Have you ever started a project, then realized that the only way you can begin your project is to do 3 other projects first? Sitting down for the third time to write an article on water/cement ratio curves, I am reminded once again how concrete imitates life. Another thing I have discovered is that when I have trouble writing an article, it is usually because I don’t understand what I am writing about, even if I think I do. I have been having a problem writing about water/cement ratio curves because they aren’t just about paste and water and cement, as I have previously implied, but about an entire concrete mix.

So far I have been distracted by the fact that I started this series talking about aggregates and now I want to talk about paste. The problem is that we don’t construct buildings out of paste, but out of concrete. Sure, I have covered the parts about why we use paste:

  • Strength
  • Durability
  • Workability

But I have neglected the fact that in water/cement ratio curves we aren’t testing paste containing just water and cement, but concrete that contains rock, sand, cement, water and a bunch of other stuff that wasn’t around 100 years ago. (I started to say “20 years ago”, then I realized they were around not only 20 years ago, but also 50. Even I was around 50 years ago.)

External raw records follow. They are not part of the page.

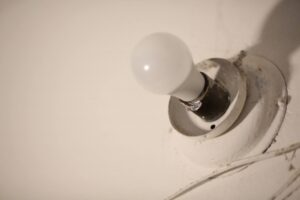 В Краснооктябрьском районе Волгограда отключили электричество до 17.00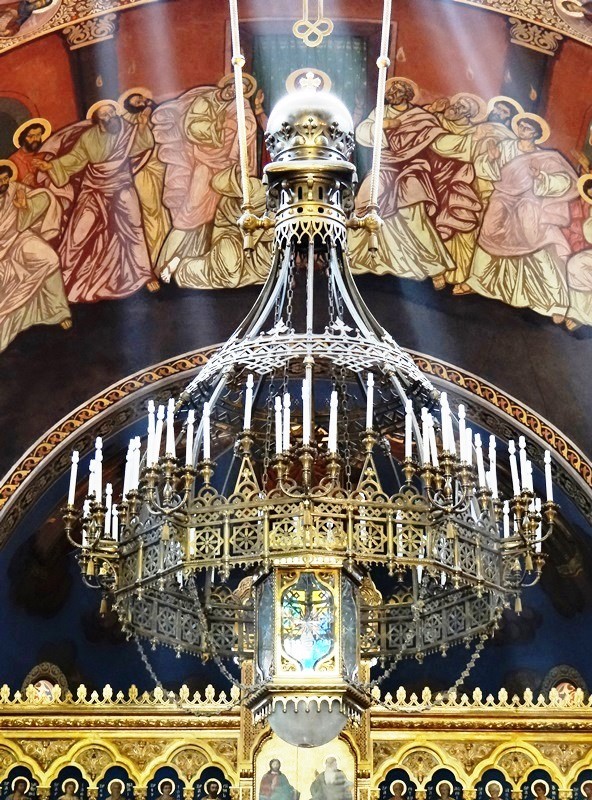 Lámpara colgante en el interior de la Catedral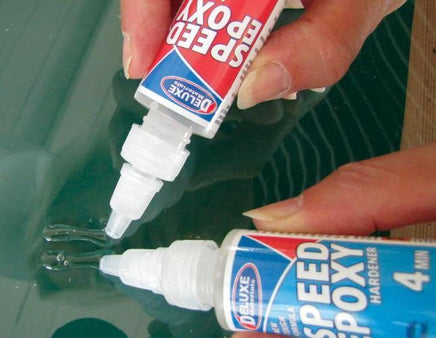 Deluxe Materials Speed Epoxy II Syringe 28g 4 min AD73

As I have said, when we test a water/cement ratio curve series we aren’t just testing paste, but concrete. We have to come up with a series of 3 or 4 concrete mixes, all the while considering:

  • Maximum aggregate size
  • Combined aggregate grading
  • Aggregate composition and shape
  • Freeze-thaw conditions and entrained air requirements
  • Durability conditions such as abrasion, sulfates and chlorides
  • Supplementary cementitious materials
  • Admixtures
  • Desired slump, workability and placement requirements (they are all different)
  • Setting time
  • Other concrete characteristics, such as shrinkage and bleed rate

Once we have done this, we can develop a base concrete mix design, then produce variations on it for our water-cementitous ratio series.

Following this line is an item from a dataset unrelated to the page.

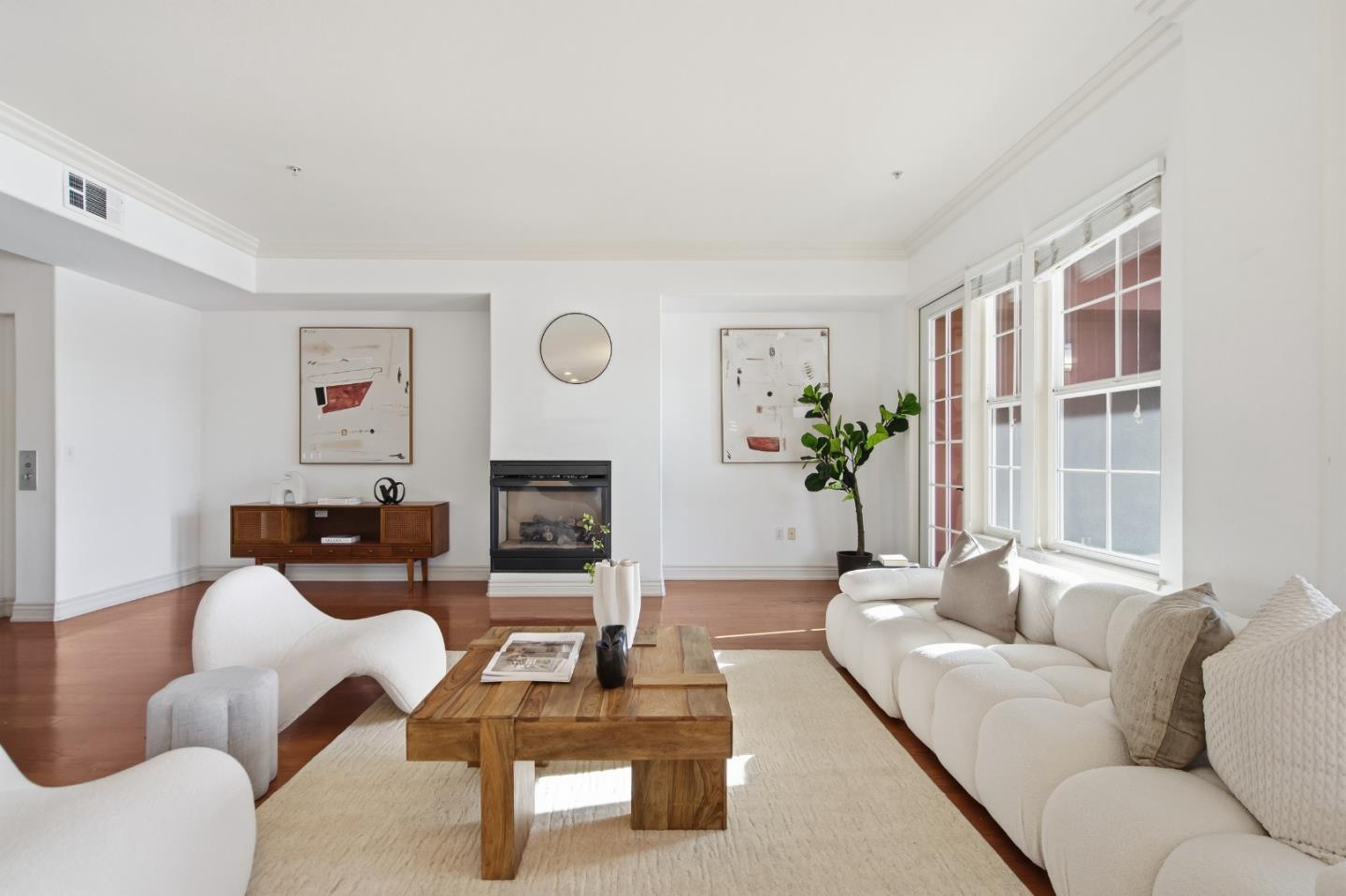 88 South Broadway 1302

I have developed a truism for my life: “It’s not a good project unless you have had 3 visits to Home Depot.”

  • Go get the part or tool you need for the project
  • Go back and get the right part or tool for the project
  • Go back and get a replacement for the part or tool that you just broke or lost

Unfortunately, by the time the need for a 4 th trip rolls around I usually pick up the phone to call a professional to fix the damage I’ve just done. Hopefully this article marks my 3 rd trip back to the “supply store” and I can proceed with the project I had planned – discussing designing a concrete mix based on a water-cementitious ratio curve.

This article is short, so I’m going to publish it out of my normal schedule and hopefully get back on schedule for next Monday. I hope to see you then.

As always, if you have any comments I would love to hear from you.

Until next time,

Jay Shilstone

P.S. For a list of trade shows I will be attending drop by my personal page at http://www.commandalkon.com/services/jay-shilstone-concrete-technologist/

About Jay Shilstone

I am a concrete technologist for Command Alkon, Inc. and have been in the concrete industry for over 35 years. For 28 of those years I have been working on quality control software for the concrete industry. I am a Fellow of the American Concrete Institute and a member of multiple ACI, ASTM and NRMCA committees. I look forward to talking about concrete mix design and quality control with everyone.

I have been reading about, interested in, and (trying to) use concrete for several years now. First time I recall hearing the term ‘paste’.

JayShilstone

I don’t know if it is a common term outside of the U.S., but generally paste is cementitious materials, total air and water; mortar is paste plus fine aggregate; and concrete is mortar plus coarse aggregate.

Thank you for reading my blog.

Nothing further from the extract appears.